Profit Based on After Repair Value
On average, a rehabber aims for a 10 to 20 percent profit of the After Repair Value according to Flipperforce
$80,000 x .20 = $16,000 (This project was to yield $20,000 or 25 percent profit)
As plans for the project unfolded, the renovation cost began encroaching the estimated market value and breaking the rules of thumbs. I got a bit nervous at the rising cost, but unlike that of a flipper, our investment goals are long term, not short term. Flippers, unlike us, says Mike Keen of Midtown Portage in the second article in this series, often have no ties to the community and “do the least they can, and take short cuts to make a profit.”

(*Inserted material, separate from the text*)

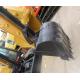 Used Sany SY55C Hydraulic Crawler Excavator with 0.28 Bucket Capacity in Good Condition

“After COVID eased in 2021, values of Gary properties increased enough that people were able to refinance their properties through banks,” affirmed Joseph Peterson, President of the Northwest Indiana Creative Investors Association.
As I continued to focus on this being a long-term investment, it was good to stumble upon 9 charts that show where home sales are headed in Northwest Indiana displaying (for a then recent period) that house prices in our ZIP code had the second highest percentage increase in the area at 28 percent. This was another indicator that gentrification is taking root in the City Built on Sand. Additionally, recent home sales posted on Realtor.com showed that a higher sale price than $80,000 was possible.
“After COVID eased in 2021, values of Gary properties increased enough that people were able to refinance their properties through banks,” affirmed Joseph Peterson, President of the Northwest Indiana Creative Investors Association (NICIA), who we met in the first article of this series. Many of the NICIA members report using the favorable increase to expand their portfolio.
Typically, many in the group focus on cash flow of about $10,000 to $11,000 after expenses per year versus the $20,000 to $30,000 profit they could have made from selling a fully renovated house. The stakeholders can invest upwards of $80,000 in one house.
I also learned that investing in short term rental property is riskier than in a primary residence. The increased risk makes obtaining property insurance more challenging and lenders offering significantly higher interest rates and more challenging terms. Additionally, short term rental investors are often small businesspersons and as Keen pointed out, small developers are often not offered the same access to capital from local governments as are large developers.
Small developer Ethel Rock, who was another source of inspiration, experienced two years of trying to qualify for government grants before deciding to use her retirement funds to finance her project in Omaha, Nebraska. The Washington, DC investor said for this series that the city of Omaha told her that her project was too small, so “I pulled from my TSP (Thrift Savings Plan) and got help from my husband.” The TSP is a retirement savings and investment plan for federal employees and members of the uniformed services.
We financed the Gary project in a similar fashion. Using the funds our mother left, plus funds from my TSP account. “It was money I never had anyway and it was the home where mom found her peace,” quipped my brother on why he invested a part of his inheritance into the home. For me, I could either invest in the funds decided by my retirement fund or invest in Gary.
To have others invest my money for me meant that I would most likely fuel companies that won’t invest in Gary or in Gary’s people. So, I decided to include a direct investment in Gary in my portfolio, or to cast down my bucket where I am.